GB10 easily tops FAHBench’s workloads in single precision mode. FAHBench makes good use of local memory to keep data on-chip, reducing pressure on the global memory hierarchy. Global memory accesses that do happen have reasonable locality, even on the heavier NAV workload. Data Fabric performance monitoring on Strix Halo shows about 200 GB/s of GPU memory requests, and ~50 GB/s of traffic at the Unified Memory Controllers. That implies Strix Halo’s 32 MB system level cache caught about 150 GB/s of memory traffic.
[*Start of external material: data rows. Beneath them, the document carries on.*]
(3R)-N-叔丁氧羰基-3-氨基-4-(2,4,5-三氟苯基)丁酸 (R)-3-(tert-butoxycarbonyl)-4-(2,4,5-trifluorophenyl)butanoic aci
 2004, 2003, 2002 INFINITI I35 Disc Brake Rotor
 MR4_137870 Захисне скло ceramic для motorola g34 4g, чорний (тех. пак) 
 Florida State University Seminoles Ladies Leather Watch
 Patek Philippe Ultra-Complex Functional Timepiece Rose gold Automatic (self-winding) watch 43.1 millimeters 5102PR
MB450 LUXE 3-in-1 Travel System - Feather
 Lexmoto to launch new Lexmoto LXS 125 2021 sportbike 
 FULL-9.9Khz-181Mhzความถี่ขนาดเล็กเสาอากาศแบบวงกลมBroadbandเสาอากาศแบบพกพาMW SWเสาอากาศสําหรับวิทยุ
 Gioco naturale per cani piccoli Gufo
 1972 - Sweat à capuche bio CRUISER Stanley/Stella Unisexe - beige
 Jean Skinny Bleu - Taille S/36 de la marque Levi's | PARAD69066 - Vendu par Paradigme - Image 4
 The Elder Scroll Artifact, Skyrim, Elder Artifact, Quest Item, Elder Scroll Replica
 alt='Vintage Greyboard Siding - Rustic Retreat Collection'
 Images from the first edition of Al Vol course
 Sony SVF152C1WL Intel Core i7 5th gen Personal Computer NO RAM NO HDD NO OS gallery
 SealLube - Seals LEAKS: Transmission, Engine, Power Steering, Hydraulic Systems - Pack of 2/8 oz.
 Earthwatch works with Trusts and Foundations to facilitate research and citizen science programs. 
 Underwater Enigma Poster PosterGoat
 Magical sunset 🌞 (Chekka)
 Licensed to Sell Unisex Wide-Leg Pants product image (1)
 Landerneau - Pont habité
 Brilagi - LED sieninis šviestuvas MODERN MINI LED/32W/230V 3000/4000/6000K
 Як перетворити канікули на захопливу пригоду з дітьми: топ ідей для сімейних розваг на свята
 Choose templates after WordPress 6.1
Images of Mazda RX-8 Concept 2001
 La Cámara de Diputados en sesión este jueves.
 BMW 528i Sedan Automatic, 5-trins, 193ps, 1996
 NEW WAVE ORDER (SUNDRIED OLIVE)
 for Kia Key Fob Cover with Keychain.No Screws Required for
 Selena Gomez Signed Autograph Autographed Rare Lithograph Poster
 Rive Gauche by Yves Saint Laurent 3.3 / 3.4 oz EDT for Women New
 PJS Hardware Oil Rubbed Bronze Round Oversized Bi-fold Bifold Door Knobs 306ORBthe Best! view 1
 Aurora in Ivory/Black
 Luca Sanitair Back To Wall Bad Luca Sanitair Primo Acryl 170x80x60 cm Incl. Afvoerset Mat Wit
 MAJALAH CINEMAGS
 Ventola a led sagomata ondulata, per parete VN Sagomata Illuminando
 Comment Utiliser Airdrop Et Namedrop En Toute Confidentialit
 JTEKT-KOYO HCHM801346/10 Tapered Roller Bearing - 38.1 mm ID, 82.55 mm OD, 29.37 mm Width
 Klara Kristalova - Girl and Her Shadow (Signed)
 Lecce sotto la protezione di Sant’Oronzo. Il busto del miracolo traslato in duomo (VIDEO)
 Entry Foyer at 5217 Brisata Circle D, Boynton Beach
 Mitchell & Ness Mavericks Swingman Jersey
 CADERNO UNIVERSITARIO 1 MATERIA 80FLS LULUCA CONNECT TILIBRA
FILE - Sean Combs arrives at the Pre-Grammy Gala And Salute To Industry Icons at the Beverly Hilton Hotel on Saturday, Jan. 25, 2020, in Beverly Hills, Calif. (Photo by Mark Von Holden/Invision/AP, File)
GB10’s 24 MB L2 is likely almost as effective, which would mean Nvidia also avoids DRAM bandwidth bottlenecks.
As a result, FAHBench favors compute throughput and plays well into GB10’s advantages. In some cases though, Strix Halo can keep up surprisingly well. In the DHFR single precision test, Strix Halo starts with a score just above 200 ns/day. If it maintained that, it would have nearly tied GB10. However, performance quickly drops as the chip pushes past 90 C. By targeting thin and light devices, Strix Halo has to contend with tighter thermal and power constraints than GB10 does in mini-PCs. Dell’s cooling in their mini-PC is excellent, and manages to keep GB10 in the low 60 C range during FAHBench runs.
Double precision workloads on FAHBench are very compute bound on all three GPUs. Intel’s B580 has the least horrible FP64 to FP32 ratio at 1:16. Strix Halo comes next at 1:32, followed by GB10 at 1:64.
Final Words
Large iGPUs are fascinating, and it’s great to see Nvidia entering the scene. GB10’s GPU has plenty of strengths compared to the one in AMD’s Strix Halo. It uses Nvidia’s latest Blackwell architecture, while Strix Halo makes do with RDNA3.5 instead of AMD’s latest RDNA4. Nvidia also uses TSMC’s 3nm process, while Strix Halo uses 4nm. GB10’s GPU is sized to be a bit larger than Strix Halo’s. Compute benchmarks show GB10’s strength. It beats Strix Halo more often than not. All else being equal, GB10’s iGPU could be a dangerous competitor to Strix Halo and a welcome arrival for PC enthusiasts.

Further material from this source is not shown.